A strange choice that was made in GB 2016 was to have the movie itself make fun of Ghostbusters at every turn. From killing off Bill Murray as a punchline, to the main characters making fun of the old equipment constantly, the movie had a mocking tone to Ghostbusters fans. It really works in something like 21 Jump Street, where the original product was understood as a corny educational show, but it doesn't when you're going from a comedic action movie with some horror elements to a comedic action movie with some horror elements (except now, you're making fun of the original).
Really a bad decision there, I think.
I think (probably through no fault of your own) you are REALLY misreading those things.

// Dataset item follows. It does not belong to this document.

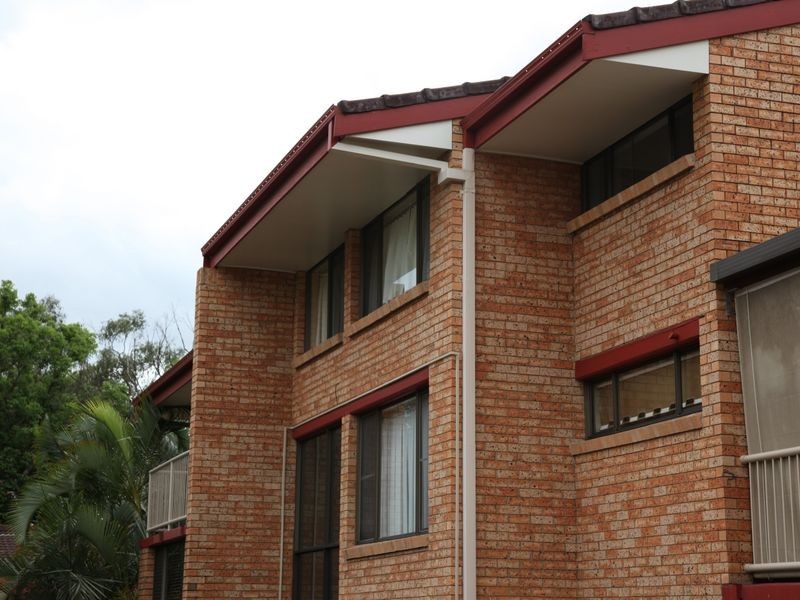 8/46 Ferndale Street, Annerley QLD 4103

They aren't making fun of any GB fans, everyone who worked on the movie were massive fans themselves and most felt it was something of an honor to be in a Ghostbusters movie. Bill Murray didn't get killed off, they cut the scene but he's actually still alive and wrote the intro to the in-canon book that came out along with the movie.
As for making fun of the old tech I have NO idea where you're getting that from. They made Holtzman out to be a total crackpot inventor, so she's obviously going to constantly be improving on her own work. Like building the Proton Packs is literally a story thread through the movie, from something so large and heavy it had to be pushed around on a trolly and grounded by the user to things that were able to be worn on a person's back and, in certain cases, even usable without backpacks. There's nothing there making fun of the old gear. One of the aspect of Answer the Call I actually really appreciated was that it took place over a much shorter period of time than the original so you actually got a sense of the team coming together and working together to become "Ghostbusters". The only part that I felt was undercooked was that they just suddenly had the Ecto-1 when so much was put into the evolution of their other gear.
The what with the who now?
The original four Ghostbusters?
For a LOT of people, Ghostbusters = Peter, Ray, Egon, Winston, and those characters are synonymous with their actors. Like in the brains of many, if those people are not involved, even as cartoon characters, then it's just not Ghostbusters. Ghostbusters can only be Ghostbusters if it includes those characters.
The thing is, as a concept, Ghostbusters is perfectly capable of existing outside of those four characters. There is so much they could mine the concept for by expanding the team or, in this case, just starting over with a new team.
A reboot with Peter/Ray/Winston/Egon would have been met with so much scrutiny and anger from the weight of the characters new actors would be filling the shoes of. How the fuck can they recast Peter Venkman? Who would even want to try and play that part, to have to follow Bill Murray as that character? The obvious answer is to, if you're keeping it in continuity with the old movies, bring in new Ghostbusters and eventually pass the torch to them and franchise out the Ghostbusters to be a nation- and eventually world-wide organization, which is actually what Dan Aykroyd planned to do with Ghostbusters 3, 4, 5, and 6 (yes, he had plans for 6 GB movies).
They went with another option, which was just to start over completely. They used the framework of the original GB story and made their own story inside it with a new team. And now Ghostbusters isn't JUST Peter/Ray/Egon/Winston, it's them AND Patty/Holtzman/Abby/Erin. Love it or hate it. So now that they've essentially "freed" the actual concept of Ghostbusters - a group of people who come together to hunt, capture, and research ghosts - from being forever tied explicitly to those four characters (and actors) they can do so much more with the property than they ever could before. There is literally no reason at all, in-universe, for there to only be one group of four people on the entire planet who come up with the idea of how to hunt and capture ghosts and that's a concept that should (and has, in the EXCELLENT comics from IDW) be explored. One of the reasons I love GB so much is because as a concept it has so much potential for imagination and creativity. Every culture around the world has their own ghost stories, their own way of "dealing" with them. Who's to say that a group of Ghostbusters in Japan would be fighting the same kinds of ghosts with the same equipment that a group in Scoland, or Chile, or Russia were? Even just within the USA itself there's so many types of ghost stories and superstitions and urban legends across the country, why keep it locked to four guys in New York?